The pandemic has shown that in rich and poor countries alike, a health emergency can push people into bankruptcy or poverty.
Despite the chaos brought about by the pandemic, there stands an opportunity to build a more sustainable and resilient future in which all people can thrive. COVID-19 has accelerated powerful existing trends, such as digitisation and structural reforms to land, labour, capital markets, and halted other behaviours that were experiencing tremendous momentum such as globalisation.

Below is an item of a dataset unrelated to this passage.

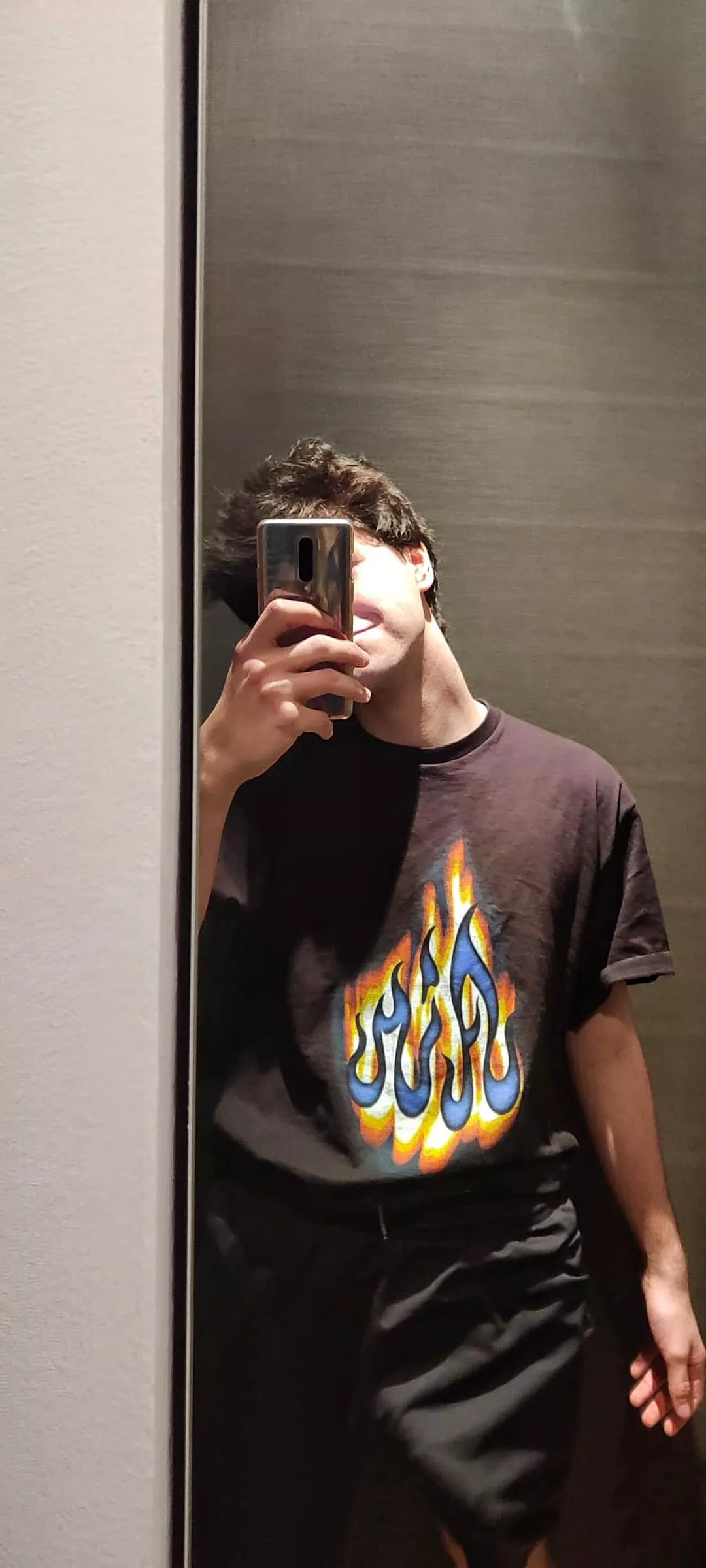 Ups, Something wont get an A grade in hiding😌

The world will not be able to revert to the “pre-COVID state”, at least not in the next 2-3 years according to economists’ speculations. However, we can take this as an opportunity to restart and to start well. By recognising the challenges that confront us, internalising the lessons of the pandemic and deploying the tools and technologies at hand, we can realign our focus to help the marginalised and most vulnerable, empowering them to be in a much better stead to face the next crisis in the future.
HAGAR remains steadfast in our commitment to do whatever it takes to empower survivors and equip them with capacities and skills to lead independent lives. Thank you for partnering us in this mission to relieve the oppressed and lift up the vulnerable.